If you’re still a little confused, here’s how it works with every combination of two bools.

>>> True ^ True
False
>>> True ^ False
True
>>> False ^ True
True
>>> False ^ False
False

There are ways we could do this without the XOR operator, but I think it’s fun, so let’s try it. First, we’ll get the letters at each index (with one-based indices). Then, we’ll see if each one matches the given letter. Then, we’ll see if exactly one matches.

def is_valid_password(index1, index2, letter, password):
    letter1 = password[index1 - 1]
    letter2 = password[index2 - 1]
    letter1_matches = letter1 == letter
    letter2_matches = letter2 == letter
    return letter1_matches ^ letter2_matches

We could reduce this down to a much shorter function if we wanted to, but then we wouldn’t have descriptive names and would have to remember operator precedence (oh no!). For this post, we’ll err on the side of readability. Anyways, let’s try it on our example inputs.

>>> lines = ['1-3 a: abcde', '1-3 b: cdefg', '2-9 c: ccccccccc']
>>> tuples = [parse_line(line) for line in lines]
>>> for tup in tuples:
>>>     is_valid = is_valid_password(*tup)
>>>     print(tup, is_valid)
(1, 3, 'a', 'abcde') True
(1, 3, 'b', 'cdefg') False
(2, 9, 'c', 'ccccccccc') False

These results are different from part 1. Now, only the first example is valid. However, that is what we were expecting! I’ll quote the Advent of Code description for an explanation.

- 1-3 a: abcde is valid: position 1 contains a and position 3 does not.
- 1-3 b: cdefg is invalid: neither position 1 nor position 3 contains b.
- 2-9 c: ccccccccc is invalid: both position 2 and position 9 contain c.

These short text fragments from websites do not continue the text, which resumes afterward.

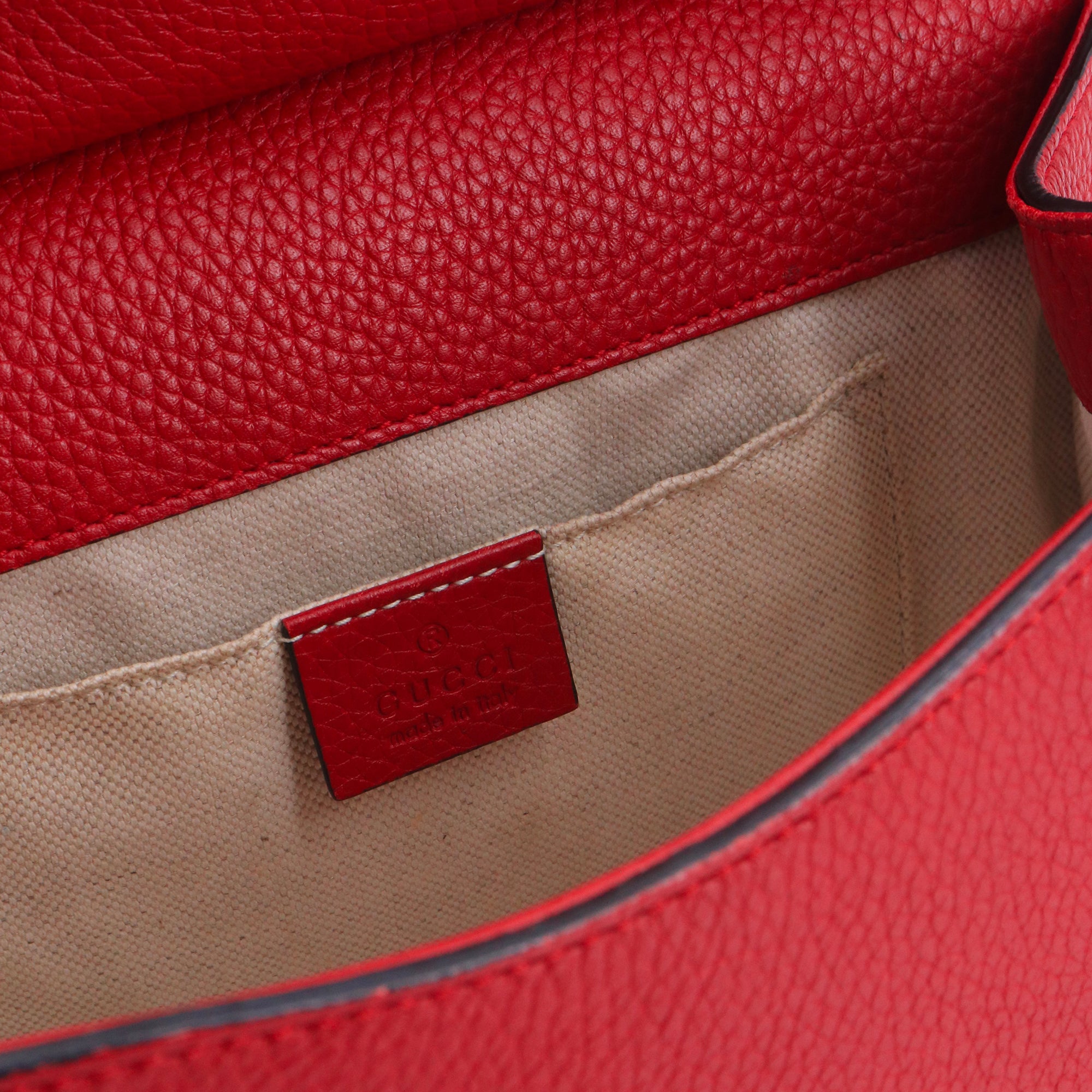 GUCCI - Sac à bandoulière  GG Marmont Top handle Gucci en cuir grainé rouge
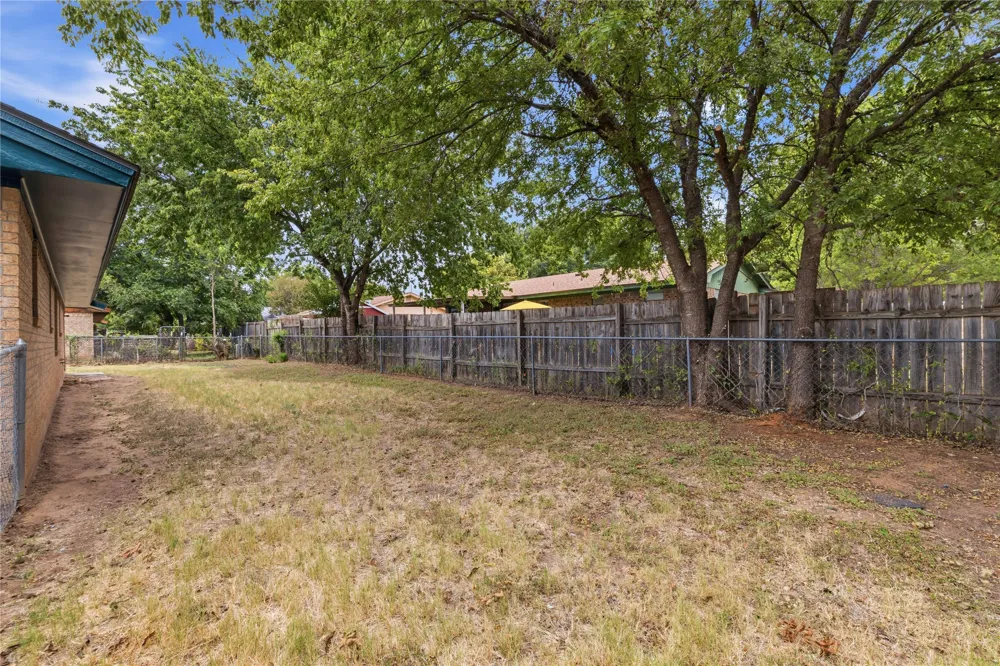 112 Orchard Drive Early, TX 76802
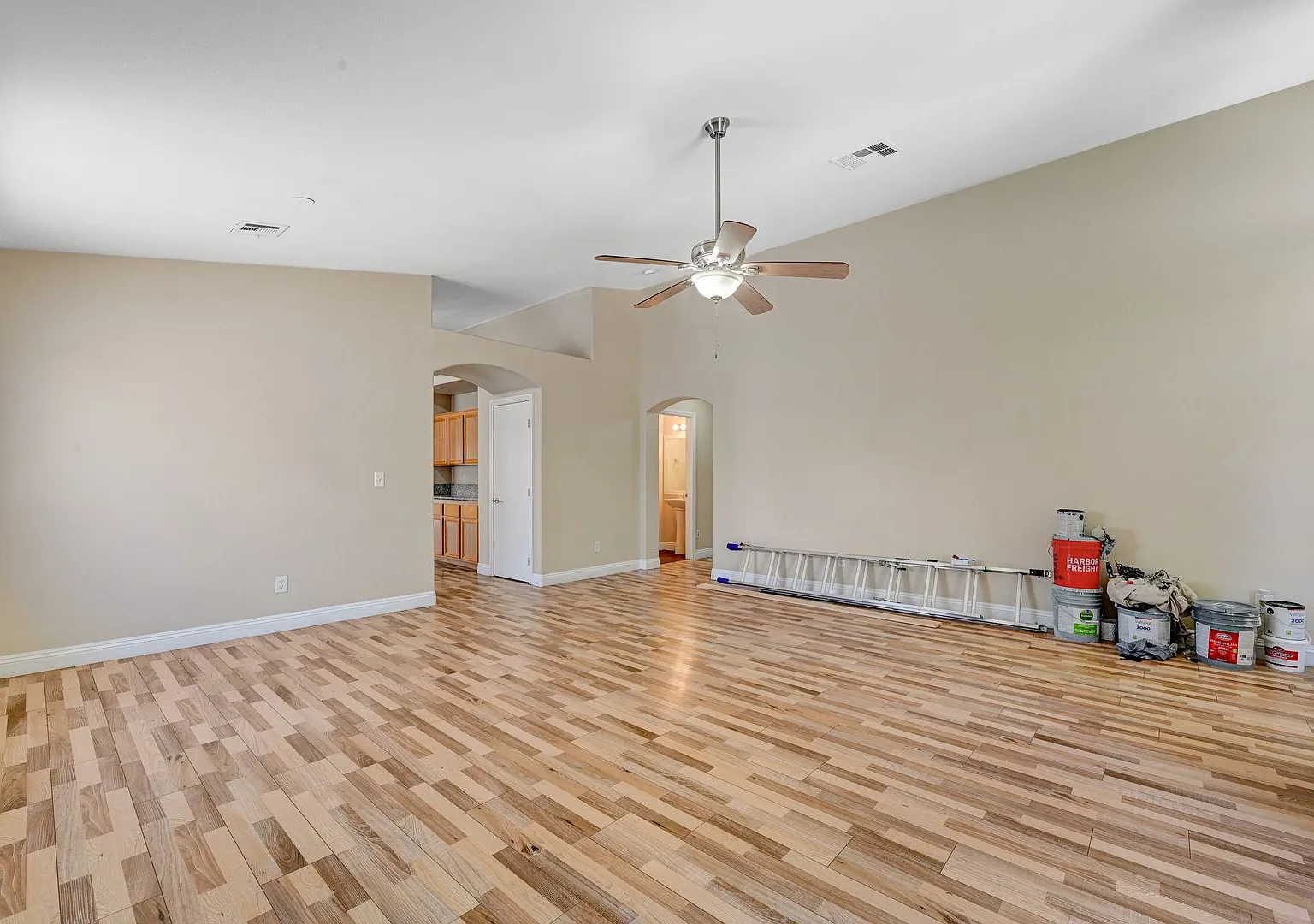 Gorgeous 1 story Home — Photo 3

I think we’re ready to try this on our real input! Fortunately, every other function remains exactly the same. Now that we’ve changed our is_valid_password function, we can just call num_valid_passwords again.

>>> num_valid_passwords('input.txt')
482

Wow, that was really close to the last answer (483). But, as it turns out, this was correct (for my input). Hooray!

Conclusion

I hope you found this insightful, educational, or entertaining (or all three). I’ll see you next time for day 3!

Improving our solution

There’s not much we can do to make our solution significantly faster. However, there are a few things we could do to make our solution more resilient in case of exceptional circumstances. Here are a few things I can think of off the top of my head that we didn’t worry about but could check for:

What if the file doesn’t exist?
What if the line doesn’t match the format we expect?
What if the numbers aren’t actually numbers? E.g. 1-z a: abcde.
What if the numbers are negative?
What if the numbers are greater than the length of the password?

These are the kinds of questions you should ask when trying to write reliable code. In fact, in some languages, we would not have been able to write our code without considering what would happen in most of these situations.

Handling all of these scenarios would make our code much more complex and distract from what I’m trying to illustrate. So, in these blog posts, I won’t be worrying too much about these or similar scenarios. However, these are important considerations for any code that needs to be more reliable.